Note: the Elias-Fano variants make use of the _pext_u64 instruction in the BMI2 instruction set. Older CPUs might not support this instruction. In that case, we fall back to a simple software implementation, which will ruin the performance of the Elias-Fano variants (those whose variant name starts with "mef").
Below is the command to build the SBWT for input data example_data/coli3.fna provided in this repository, with k = 30. The index is written to the file index.sbwt.
./build/bin/sbwt build -i example_data/coli3.fna -o index.sbwt -k 30
This builds the default variant, which is the plain matrix SBWT. Other variant can be specified with the --variant option.

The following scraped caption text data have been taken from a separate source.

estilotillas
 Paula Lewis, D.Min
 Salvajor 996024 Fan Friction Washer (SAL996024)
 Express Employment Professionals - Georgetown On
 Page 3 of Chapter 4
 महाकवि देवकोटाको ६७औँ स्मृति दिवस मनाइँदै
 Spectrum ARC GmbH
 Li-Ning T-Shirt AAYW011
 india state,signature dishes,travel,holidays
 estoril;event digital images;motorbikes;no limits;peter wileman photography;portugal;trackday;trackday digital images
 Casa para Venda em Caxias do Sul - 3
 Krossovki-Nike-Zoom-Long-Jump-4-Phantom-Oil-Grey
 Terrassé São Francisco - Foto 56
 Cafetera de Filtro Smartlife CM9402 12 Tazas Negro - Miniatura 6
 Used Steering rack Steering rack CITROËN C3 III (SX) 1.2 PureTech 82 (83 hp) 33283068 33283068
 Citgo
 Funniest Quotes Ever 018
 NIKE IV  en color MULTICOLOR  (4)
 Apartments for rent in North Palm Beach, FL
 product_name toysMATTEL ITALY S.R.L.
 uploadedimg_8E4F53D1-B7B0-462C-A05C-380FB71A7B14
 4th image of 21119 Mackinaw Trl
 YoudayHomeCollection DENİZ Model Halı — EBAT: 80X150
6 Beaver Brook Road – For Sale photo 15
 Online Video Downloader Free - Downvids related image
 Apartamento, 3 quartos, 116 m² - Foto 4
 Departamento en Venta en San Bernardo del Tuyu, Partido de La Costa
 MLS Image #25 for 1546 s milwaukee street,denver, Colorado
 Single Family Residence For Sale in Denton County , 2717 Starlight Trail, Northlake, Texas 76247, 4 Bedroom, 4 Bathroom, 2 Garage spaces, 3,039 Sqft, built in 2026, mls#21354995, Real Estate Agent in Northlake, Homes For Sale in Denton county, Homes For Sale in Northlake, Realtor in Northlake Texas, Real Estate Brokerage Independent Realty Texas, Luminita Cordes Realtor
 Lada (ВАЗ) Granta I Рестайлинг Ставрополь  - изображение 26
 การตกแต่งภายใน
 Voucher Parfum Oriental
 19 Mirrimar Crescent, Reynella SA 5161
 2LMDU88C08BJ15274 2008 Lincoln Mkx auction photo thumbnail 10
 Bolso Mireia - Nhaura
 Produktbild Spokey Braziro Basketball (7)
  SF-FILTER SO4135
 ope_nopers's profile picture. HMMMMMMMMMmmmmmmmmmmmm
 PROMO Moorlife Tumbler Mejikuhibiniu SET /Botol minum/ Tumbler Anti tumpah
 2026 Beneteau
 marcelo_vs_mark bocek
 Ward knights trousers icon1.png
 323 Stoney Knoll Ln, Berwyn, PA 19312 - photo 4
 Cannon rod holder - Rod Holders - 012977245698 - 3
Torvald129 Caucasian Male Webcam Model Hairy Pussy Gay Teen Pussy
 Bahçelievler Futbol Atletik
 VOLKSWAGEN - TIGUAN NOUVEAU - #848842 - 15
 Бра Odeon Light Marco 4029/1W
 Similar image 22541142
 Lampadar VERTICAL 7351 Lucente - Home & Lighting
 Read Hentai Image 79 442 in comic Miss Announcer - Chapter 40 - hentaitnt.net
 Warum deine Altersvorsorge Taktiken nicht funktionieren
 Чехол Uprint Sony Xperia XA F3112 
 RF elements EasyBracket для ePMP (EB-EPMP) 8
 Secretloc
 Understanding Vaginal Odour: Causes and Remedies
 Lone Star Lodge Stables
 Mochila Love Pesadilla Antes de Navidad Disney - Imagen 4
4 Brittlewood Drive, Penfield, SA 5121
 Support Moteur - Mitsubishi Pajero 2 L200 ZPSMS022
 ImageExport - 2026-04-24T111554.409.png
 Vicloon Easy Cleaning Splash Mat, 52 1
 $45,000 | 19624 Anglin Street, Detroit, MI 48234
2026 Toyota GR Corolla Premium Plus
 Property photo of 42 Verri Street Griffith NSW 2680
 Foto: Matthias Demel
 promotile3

The list of all command line options and parameters is below:
Construct an SBWT variant.
Usage:
build [OPTION...]
-i, --in-file arg The input sequences as a FASTA or FASTQ
file, possibly gzipped. If the file
extension is .txt, the file is interpreted
as a list of input files, one file on each
line. All input files must be in the same
format.
-o, --out-file arg Output file for the constructed index.
-k, --kmer-length arg The k-mer length.
--variant arg The SBWT variant to build. Available
variants: plain-matrix rrr-matrix
mef-matrix plain-split rrr-split mef-split
plain-concat mef-concat plain-subsetwt
rrr-subsetwt (default: plain-matrix)
--add-reverse-complements
Also add the reverse complement of every
k-mer to the index. Warning: this creates a
temporary reverse-complemented duplicate of
each input file before construction. Make
sure that the directory at --temp-dir can
handle this amount of data. If the input is
gzipped, the duplicate will also be
compressed, which might take a while.
--no-streaming-support Save space by not building the streaming
query support bit vector. This leads to
slower queries.
-t, --n-threads arg Number of parallel threads. (default: 1)
-a, --min-abundance arg Discard all k-mers occurring fewer than
this many times. By default we keep all
k-mers. Note that we consider a k-mer
distinct from its reverse complement.
(default: 1)
-b, --max-abundance arg Discard all k-mers occurring more than this
many times. (default: 1000000000)
-m, --ram-gigas arg RAM budget in gigabytes (not strictly
enforced). Must be at least 2. (default: 2)
-d, --temp-dir arg Location for temporary files. (default: .)
-h, --help Print usage
To query for existence of all k-mers in an index for all sequences in a fastq-file, run the following command:
./build/bin/sbwt search -i index.sbwt -q example_data/queries.fastq -o out.txt
This prints for each query of length n in the input a line containing n-k+1 space-separated integers, which are the ranks of the columns representing the k-mer in the index. If the k-mer is not found, -1 is printed. If the index was built streaming support (which is the default), the faster streaming query algorithm is automatically used. The full options are:
Query all k-mers of all input reads.
Usage:
search [OPTION...]
-o, --out-file arg Output filename.
-i, --index-file arg Index input file.
-q, --query-file arg The query in FASTA or FASTQ format, possibly
gzipped. Multi-line FASTQ is not supported. If the
file extension is .txt, this is interpreted as a
list of query files, one per line. In this case,
--out-file is also interpreted as a list of output
files in the same manner, one line for each input
file.
-z, --gzip-output Writes output in gzipped form. This can shrink the
output files by an order of magnitude.
-h, --help Print usage
git submodule init
git submodule update
# Build googletest
cd googletest
mkdir build
cd build
cmake ..
make
# Build SBWT
cd ../../build
cmake .. -DCMAKE_BUILD_TYPE=Debug -DBUILD_TESTS=1 -DMAX_KMER_LENGTH=32
make
This will build the executable ./build/bin/sbwt_tests. Make sure to run the test executable from the root of the repository, or otherwise it will not find the example data in ./example_data.
The command-line parsing and the gzip support are implemented using cxxopts and zstr respectively.